Make an exact copy of the whole listing, but leave its pictures out.

*DATA FOR THIS EXERCISE:*
————
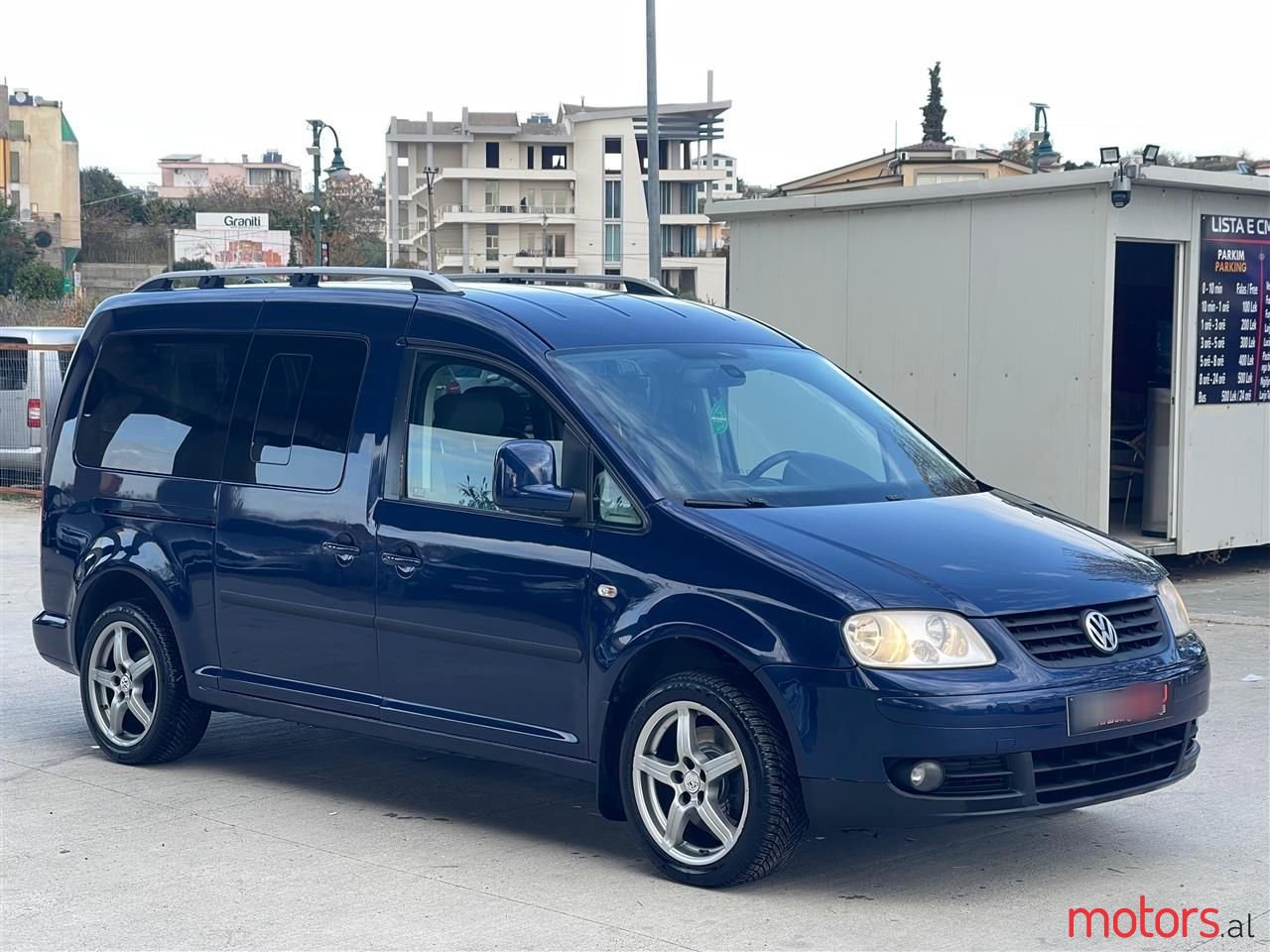 2008' Volkswagen Caddy photo #5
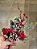 GALHO DECORATIVO BERRY VERMELHO COM FOLHAGENS E PINHA 37CM - Imagem 3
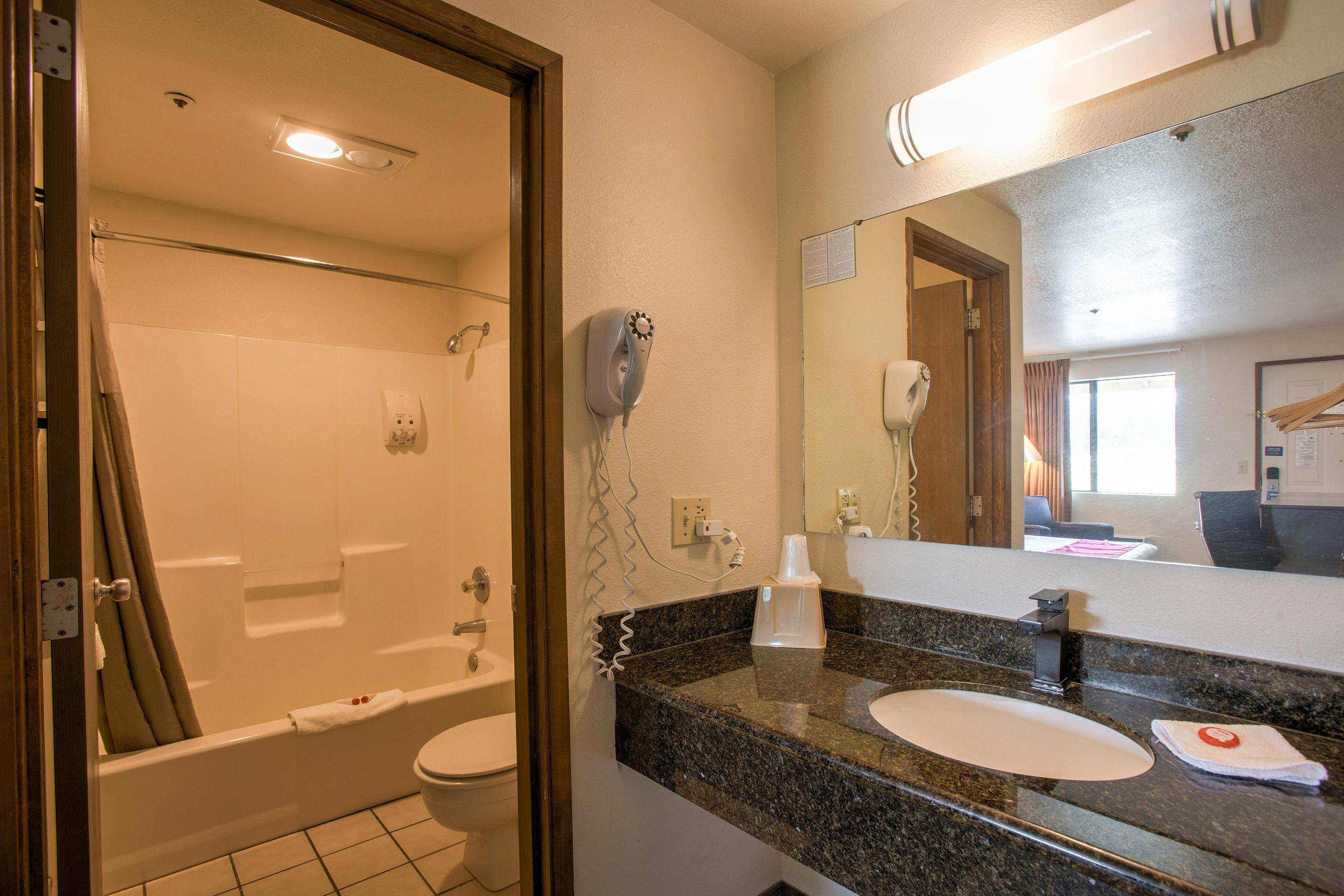 Oyo Woodland Hotel And Suites Bagian luar foto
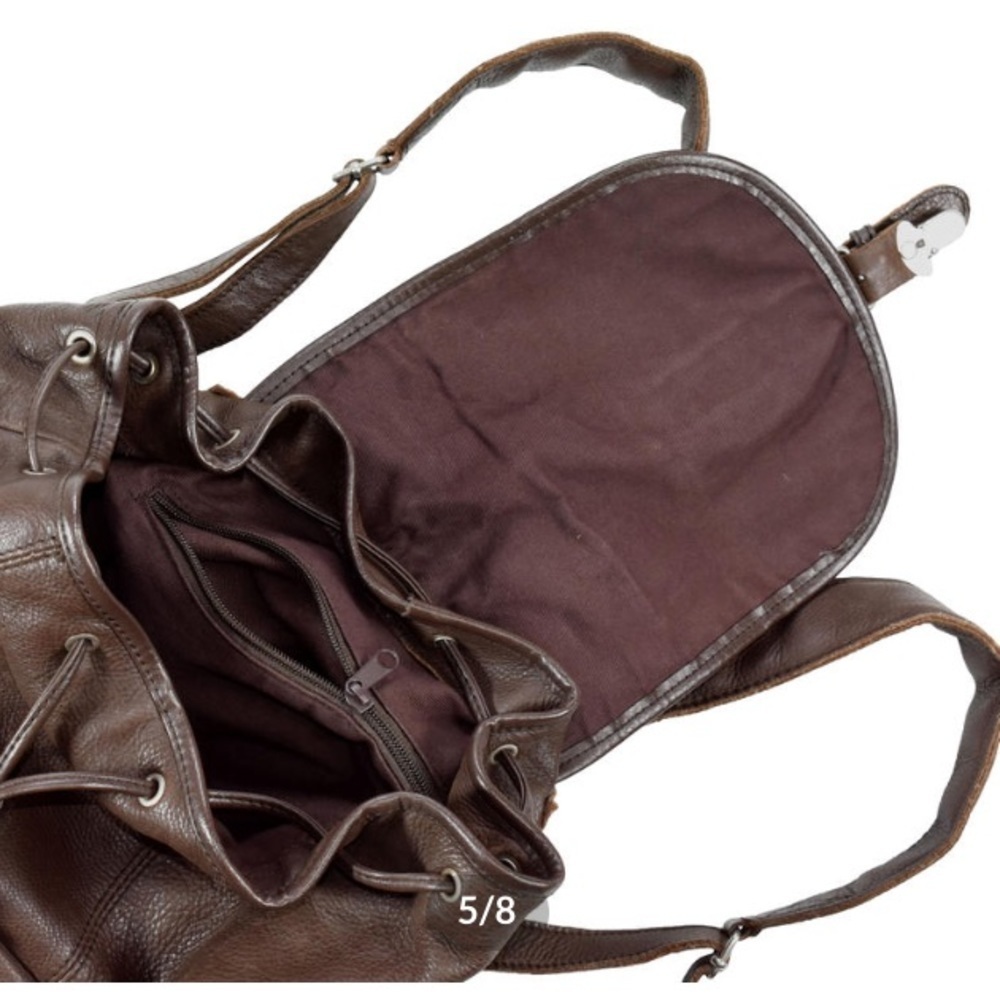 Large Vintage Brown Cowhide Leather Backpack - Picture 3 of 16
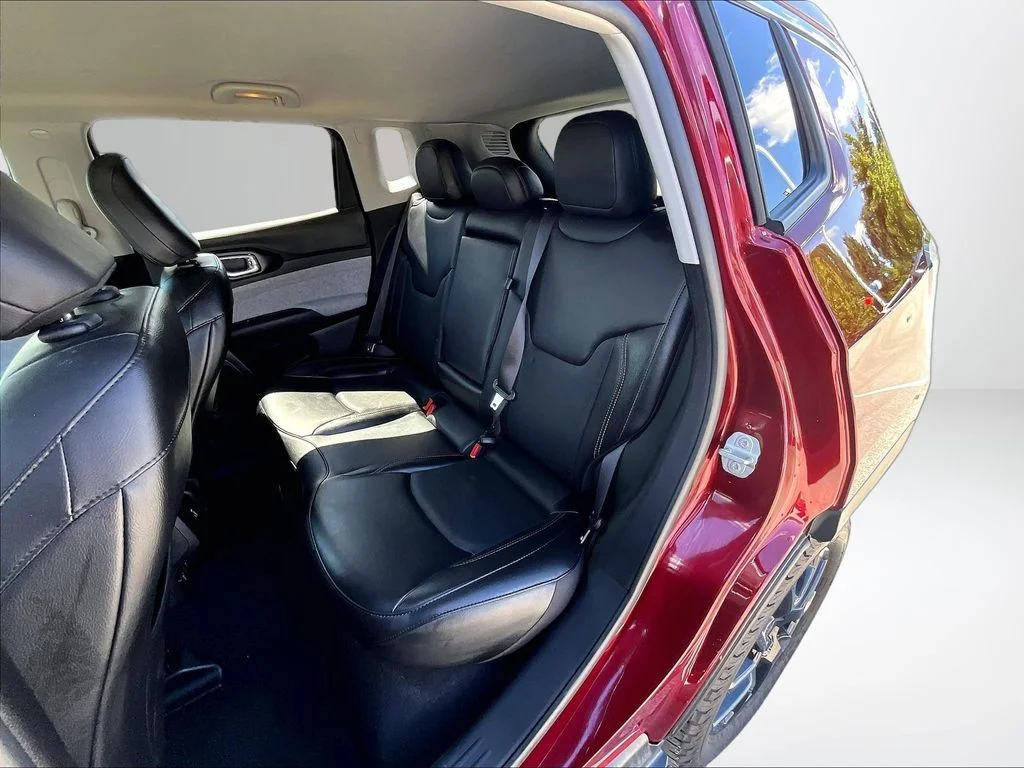 Used 2022 Red Jeep Latitude Lux image 27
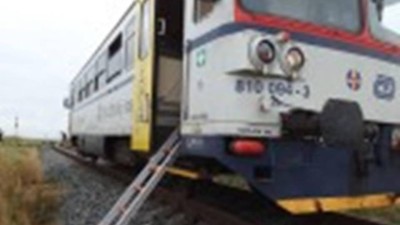 V Moravanech došlo ke srážce osobního vlaku s automobilem. Řidička utrpěla zranění, tři cestující museli být z vlaku evakuováni
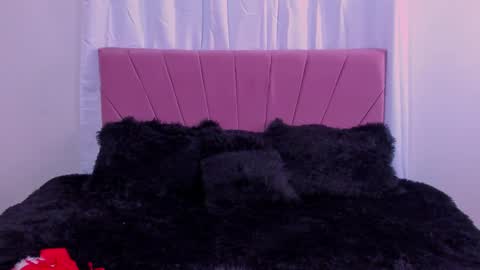 CintiaCollins  online show from December 13, 8:14 pm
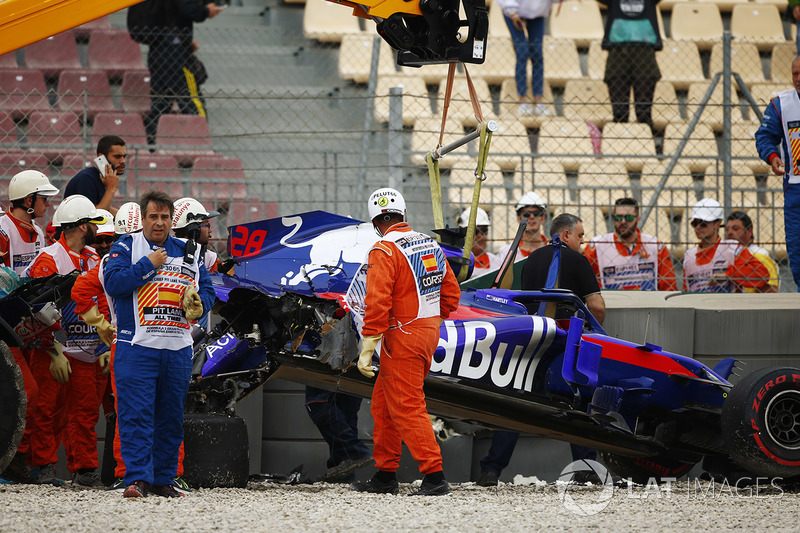 Les commissaires retirent l'épave de la Toro Rosso STR13 Honda de Brendon Hartley après son gros accident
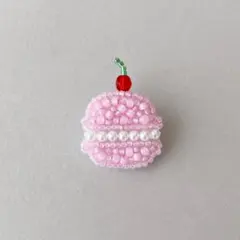 ミニ☆マカロン(ピンク) ブローチ ビーズ刺繍 ハンドメイド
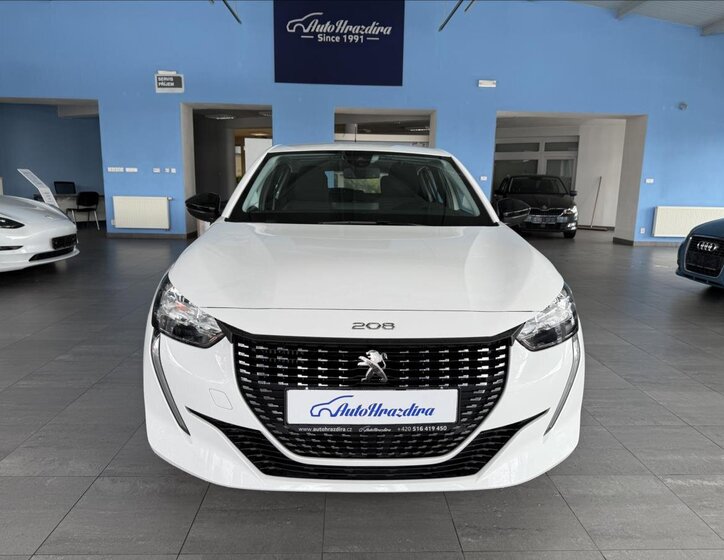 Peugeot 208 Hatchback 1,2 l 74 kw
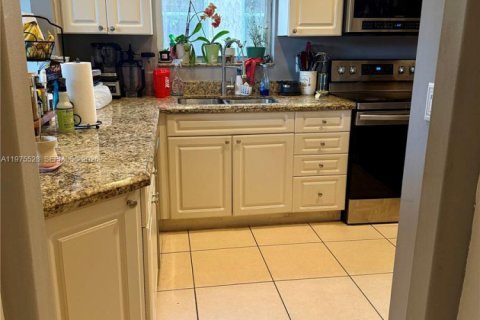 Casa en venta en Miramar, Florida, 3 dormitorios, 143.26 m2 № 2038475 - foto 7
————
*RESULT:*
 2008' Volkswagen Caddy photo #5
 GALHO DECORATIVO BERRY VERMELHO COM FOLHAGENS E PINHA 37CM - Imagem 3
 Oyo Woodland Hotel And Suites Bagian luar foto
 Large Vintage Brown Cowhide Leather Backpack - Picture 3 of 16
 Used 2022 Red Jeep Latitude Lux image 27
 V Moravanech došlo ke srážce osobního vlaku s automobilem. Řidička utrpěla zranění, tři cestující museli být z vlaku evakuováni
 CintiaCollins  online show from December 13, 8:14 pm
 Les commissaires retirent l'épave de la Toro Rosso STR13 Honda de Brendon Hartley après son gros accident
 ミニ☆マカロン(ピンク) ブローチ ビーズ刺繍 ハンドメイド
 Peugeot 208 Hatchback 1,2 l 74 kw
 Casa en venta en Miramar, Florida, 3 dormitorios, 143.26 m2 № 2038475 - foto 7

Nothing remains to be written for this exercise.